Dave Mullins on the making of LOU, a new Disney Pixar Short
There’s a new animated short Pixar movie, called LOU, that will play at the beginning of the Cars 3 moving (being released in June), and I personally am just as excited about LOU as I am about Cars 3.
I recently got to hear from Dave Mullins, the man behind the short movie, about what it took to bring the idea to creation.
He explained that John Lasseter, the Executive Producer of all Pixar movies (since Monsters Inc in 2001), requires every Pixar film to have heart and entertainment, right along with a setting and animation. It needs to be funny and unpredictable, exciting and new, and use animation’s full potential (Lasseter, one of the three founders of Pixar, has the artistic formula down to a magical science, right?)
So, when Mullins started pitching to Pixar back in 2005, he had a few ideas. One was about a family of beavers. Another was about a cars cartoon (ha!). Many more ideas followed. And were rejected.
It wasn’t until he started thinking about his own life, his own story, that this particular pitch formed in his mind.
Mullins moved a lot as a child, and told us during our recent meeting, “I was always the new kid, and a lot of times it made me feel invisible.”
That gave him the idea for a character who could hide in plain site.
In his mind, that evolved to a pile of toys.
So, at the end of 2012, he pitched his idea.
He re-thought the core idea…the pile of toys became a literal Lost and fOUnd (get it—that’s where LOU comes from) box and Lasseter’s rule of bringing an inanimate item to life became not just one toy, but the pile, from a lost sweatshirt to an old football, all into one character. They found mood in the objects as they moved the balls (which were eyes), with the different direction of the stitching changing whether he looked sad, mad, or happy.
The story continued to evolve.
He knew he needed conflict, and got it from a main character who played a role in the items that ended up in the lost and found box.
The story was fresh again: a lost and found pile that loves to return toys to those who lost them…and the bully who takes them, JJ (there’s an inside story to the name, which I’ll explain later).
Mullins finally got the green light and started making panels for the script.
While writing, they also started working on the art for character development…

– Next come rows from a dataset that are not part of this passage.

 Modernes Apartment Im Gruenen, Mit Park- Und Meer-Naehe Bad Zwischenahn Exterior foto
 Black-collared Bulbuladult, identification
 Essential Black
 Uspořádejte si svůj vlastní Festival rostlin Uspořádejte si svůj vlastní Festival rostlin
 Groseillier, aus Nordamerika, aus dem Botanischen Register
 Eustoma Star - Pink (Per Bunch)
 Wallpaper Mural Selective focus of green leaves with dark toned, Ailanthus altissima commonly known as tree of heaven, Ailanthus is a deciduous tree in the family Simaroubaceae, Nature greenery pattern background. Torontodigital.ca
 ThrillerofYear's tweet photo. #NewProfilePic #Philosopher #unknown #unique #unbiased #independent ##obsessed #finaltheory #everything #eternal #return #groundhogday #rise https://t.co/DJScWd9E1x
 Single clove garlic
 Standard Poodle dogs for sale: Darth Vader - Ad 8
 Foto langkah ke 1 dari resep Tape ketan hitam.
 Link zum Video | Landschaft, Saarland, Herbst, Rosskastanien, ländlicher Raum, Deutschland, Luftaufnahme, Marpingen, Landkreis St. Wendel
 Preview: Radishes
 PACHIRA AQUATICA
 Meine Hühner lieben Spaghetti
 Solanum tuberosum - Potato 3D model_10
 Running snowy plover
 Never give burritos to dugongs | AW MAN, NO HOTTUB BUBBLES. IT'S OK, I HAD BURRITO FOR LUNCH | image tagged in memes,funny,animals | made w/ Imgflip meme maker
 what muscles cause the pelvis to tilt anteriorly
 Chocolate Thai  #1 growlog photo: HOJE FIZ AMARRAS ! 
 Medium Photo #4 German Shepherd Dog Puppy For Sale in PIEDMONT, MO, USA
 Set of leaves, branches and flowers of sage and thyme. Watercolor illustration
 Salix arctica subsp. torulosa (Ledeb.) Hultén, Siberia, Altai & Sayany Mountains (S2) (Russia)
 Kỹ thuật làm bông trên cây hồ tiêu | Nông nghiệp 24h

JJ, the bully….needed to be tough, but with an edge of vulnerability. They ended up using a character from the Inside Out movie and being able to plug him in, which helped, since much of the artistic work was ready to go. In fact, they took other characters already drawn for Inside Out and incorporated them, too, which made it possible to have 26 animated children in a short (probably not possible otherwise).
In the short, LOU transfers from the objects to himself.
It all seemed to be coming together, but Mullins quickly discovered the writing portion was far from being done. The studio told him the story he’d developed up to that point wasn’t working, so he had to rewrite, and rewrite some more. He explained the process this way:
Conception, pitching, writing, art, story, sets, story, characters, story, layout, story, animation, story, effects, lighting, sound, music. (See how many times it comes back to the story?)
But in going back, he found more humor and learned a valuable lesson about better ideas always being around the corner.
I don’t want to spoil the short, so I’m not going to tell you how it ends, but trust me, there’s a valuable lesson in it—not just about being bullied, but about bullies, too.
And as Mullins told us, “The kid who felt so invisible not only made a film he was so proud of, but also made a lot of great friends.”
Oh, and he dedicated the movie to his Dad, who he lost to cancer. Meantime, he found out his mom had cancer in 2014, and she is the inspiration for JJ’s name (hers was Joyce Jean).
Watch for it in theaters when Cars 3 comes out…and mark my words, you should also be watching for it in next year’s Oscars.